Menu
in ,

PER 16/2025 Berlaku, Percepat Pencairan Restitusi dengan Kriteria Ini!

FOTO: Dok.Taxco Solution/Desain: Muhammad Ikhsan Jamaludin

PER 16/2025 Berlaku, Percepat Pencairan Restitusi dengan Kriteria Ini!

Pajak.com, Jakarta – Direktur jenderal (dirjen) pajak dapat mempercepat pencairan pengembalian pendahuluan kelebihan pembayaran pajak (restitusi) sesuai dengan Peraturan Direktur Jenderal Pajak Nomor PER-16/PJ/2025 (PER 16/2025). Namun, Tax Associate Taxco Solution Nopi Rasyanti menegaskan bahwa percepatan restitusi itu bisa diberikan asalkan Wajib Pajak telah memenuhi kriteria yang diatur dalam PER 16/2025.

Mengawali perbincangan eksklusif bersama Pajak.com, Nopi mengapresiasi diterbitkannya PER 16/2025 tentang Pelaksanaan Pengembalian Pendahuluan Kelebihan Pembayaran Pajak terhadap Wajib Pajak Kriteria Tertentu, Wajib Pajak Persyaratan Tertentu, dan Pengusaha Kena Pajak Berisiko Rendah, serta Special Purpose Company atau Kontrak Investasi Kolektif sebagai Pengusaha Kena Pajak Berisiko Rendah, yang mulai berlaku sejak 13 Agustus 2025.

“Urgensi dan tujuan penerbitan PER 16/2025 untuk lebih memberikan kepastian hukum, kejelasan yang lebih komprehensif, dan menyesuaikan ketentuan yang belum terakomodasi dalam PER 6/PJ/2025. PER 16/2025 memberikan transparansi dan kejelasan dalam pemenuhan kewajiban perpajakan,” ujar Nopi di Kantor Cabang Taxco Solution, Jl Masjid Jamik No. 2, Pangkalpinang, Kepulauan Bangka Belitung, dikutip Pajak.com (25/9/25).

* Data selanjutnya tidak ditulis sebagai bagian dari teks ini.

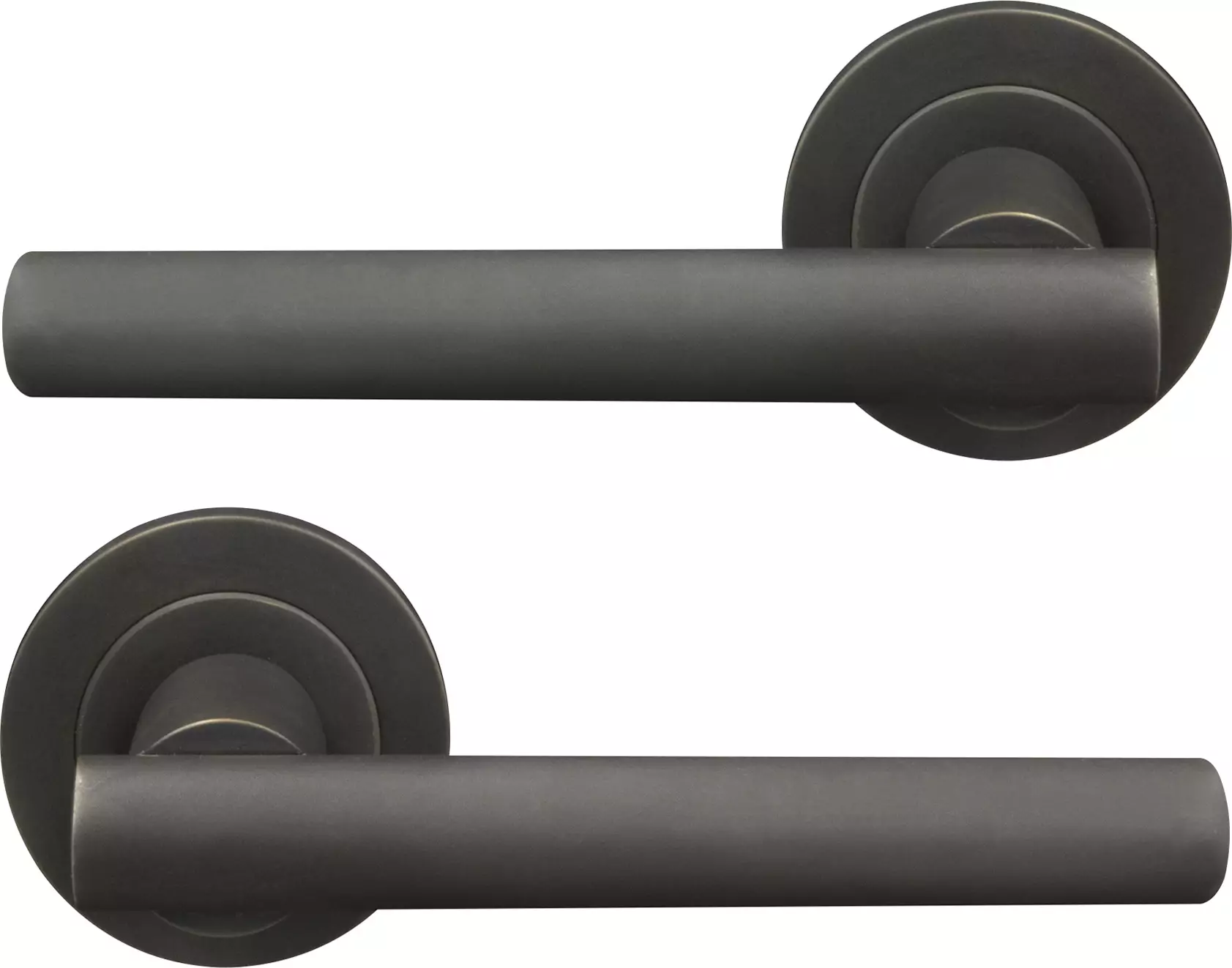 Charleston 52mm Round Rose Lever Set - DRB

Ia mengatakan, perubahan utama yang kini diatur dalam PER 16/2025 adalah perincian atas ketentuan pajak masukan yang dapat diperhitungkan sebagai bagian dari kelebihan pembayaran pajak. Namun, jangka waktu penyelesaian restitusi pajak dalam PER 16/2025 masih sama dengan PMK 39/2018 dan PER 5/2023 adalah 15 hari.

Nopi menganalisis bahwa menyempurnakan ketentuan PER 6/2025, serta memperluas cakupan ke Special Purpose Company (SPC) dan Kontrak Investasi Kolektif (KIK) yang berstatus Pengusaha Kena Pajak (PKP) berisiko rendah.

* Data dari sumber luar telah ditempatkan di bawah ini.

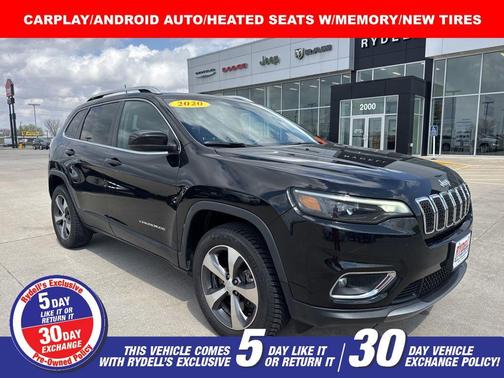 Diamond Black Crystal Pearlcoat 2020 Jeep Cherokee Limited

Secara umum, PER 16/2025 menetapkan restitusi oleh Wajib Pajak kriteria tertentu atau PKP berisiko rendah, meliputi permohonan pengembalian pendahuluan atas Surat Pemberitahuan (SPT) Tahunan atau pembetulan SPT Masa pajak bagian tahun pajak atau tahun pajak—sebelum atau setelah Wajib Pajak ditetapkan sebagai Wajib Pajak kriteria tertentu atau PKP berisiko rendah, termasuk dalam pengertian pajak masukan yang dibayar sendiri oleh Wajib Pajak.

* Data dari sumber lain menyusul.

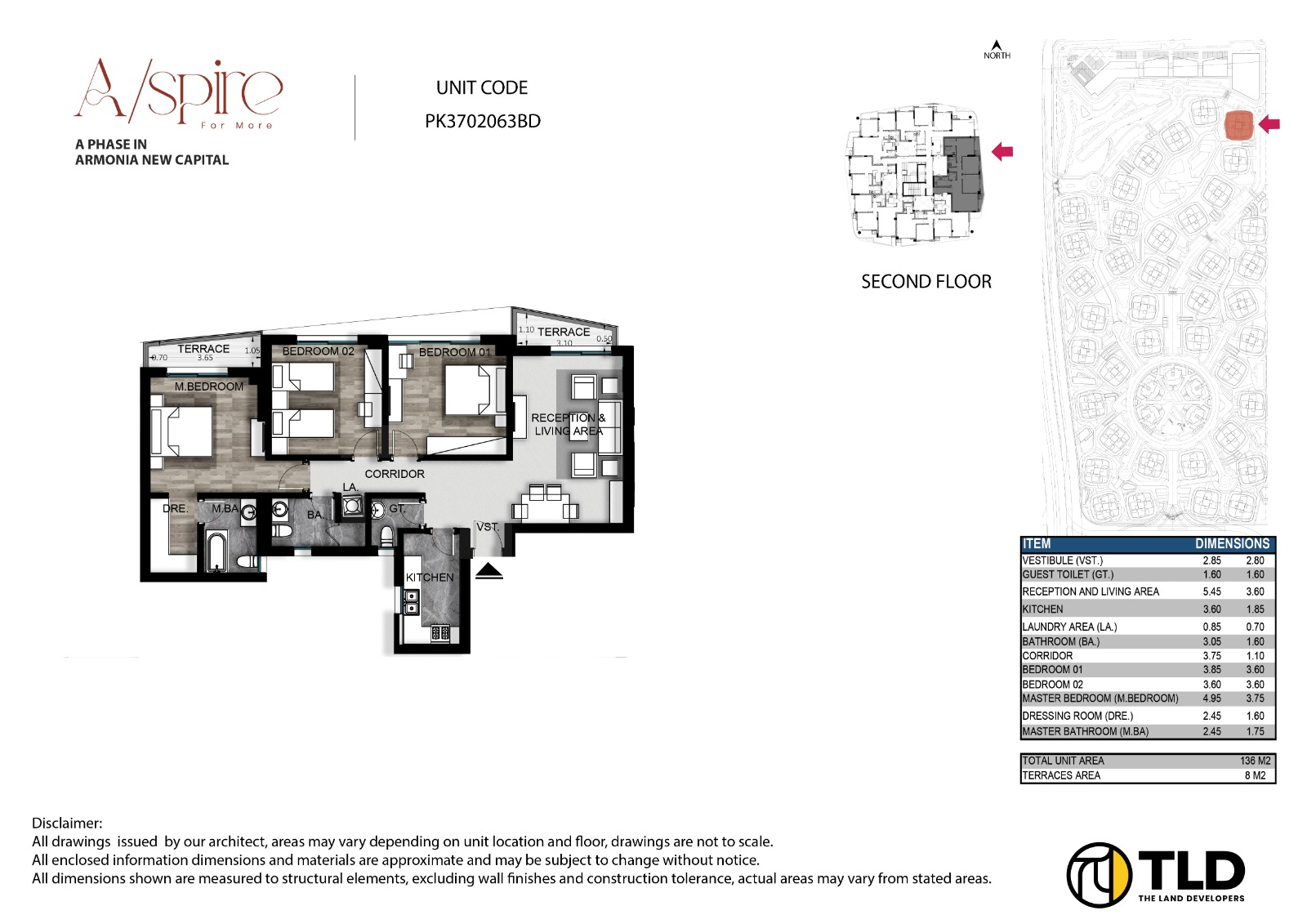 Floor plan for apartment at Armonia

“Restitusi oleh Wajib Pajak persyaratan tertentu, meliputi pengembalian pendahuluan atas Pajak Penghasilan (PPh) maupun Pajak Pertambahan Nilai (PPN),” jelasnya.

Kriteria Wajib Pajak yang Bisa Ajukan Percepatan Restitusi

Nopi mengelaborasi, Wajib Pajak kriteria tertentu menurut PER 16/2025 adalah Wajib Pajak yang mengajukan permohonan dengan cara mengisi kolom Pengembalian Pendahuluan dalam SPT Tahunan.

Kemudian, Direktorat Jenderal Pajak (DJP) akan melakukan penelitian mencakup lima hal. Pertama, penetapan Wajib Pajak kriteria tertentu masih berlaku. Kedua, tidak terlambat menyampaikan SPT Tahunan untuk suatu jenis pajak dalam dua masa pajak berturut-turut. Ketiga, tidak terlambat menyampaikan SPT Masa untuk suatu jenis pajak dalam tiga masa pajak dalam satu tahun kalender.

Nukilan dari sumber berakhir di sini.